Rainbow Bookstore (www.rainbowbookstore.org), my place of employ, is both not enough and too much, in terms of words spoken and written and read. I could both consume each of the books entirely or ditch it all. In fact I have started to suspect that my life of words outside work is being worm-drained by my life of words at work. I am reticent to let power be beholden by abstract forces as of late, and yet, it must be said, there is little room for space if one is moving all about in it constantly. I realized today that most keenly, forcing my self, eyes, body, mind, to squat for a second at the doorstoop of space and consider how eagerly and mindlessly I was filling my one true resource - my own space - with crap.

Storms have finally come here. We are obviously on opposite "seasons"! It wasn't supposed to be dry spring/first half of summer (March - July) - but this was the fourth driest summer ever in the history of Wisconsin (and that is just saying so far). My first tomatoes had blight, grass stopped growing entirely (in fact I hear no matter how much you water it to grow it won't be mowable past 90 degrees farenheit anyway, which is what it was doing), and being outside midday became such an absurdly horrific experience that most Madisonians appeared to embrace it full on. For two weekends in a row, I gasped my way through outdoor events, working all weekend at the service of the dehydrated of Wisconsin. It was, again, so over-the-top that I didn't even mind. But I did have a series of seriously sad and overwhelmed days last week - now I see just before the storms came, emblematic, of course - which culminated in forcing myself to take a couple of days off. And then, the storms began. Big thunderclaps jolting you awake at four am, heart beating faster than in any horror film with a real threat lurking. Beautiful lightning. For the most part, fresh cool air puffs and promise of a few days of cooling down. If not, the storm the next night will just be bigger and cuddlier and freakier all at once.

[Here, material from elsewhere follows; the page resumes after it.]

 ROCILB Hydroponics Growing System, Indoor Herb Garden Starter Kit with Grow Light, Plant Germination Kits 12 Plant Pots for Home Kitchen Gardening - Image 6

I have to say that I love it. That in fact, each year I review Wisconsin and it's fucked up weather and each year I realize more and more that I love all of it. In fact, that Wisconsin has such diverse weather as to keep me perenially amused. I say this even though I froze at work all afternoon, a nice but awkward juxtaposition to the last two weekends, broiling outside. I was soaked on the way in, on my bike, and air conditioning was forced as humidity was far too high to have the doors open, lest the covers of our books visibly curl!

I have settled down a bit from the last weeks' high. Sure enough such electricity caused some downed trees on the mental plain. Attachment. Strong and urgent. Even as it passes now I can feel myself cling to a life without such suffering. But everything gets blown around soon enough, and whether or not I can let go is as dependable as...for now...the weather.

Lessons of Wisconsin life, not just weather: cycles, velocity, space and water.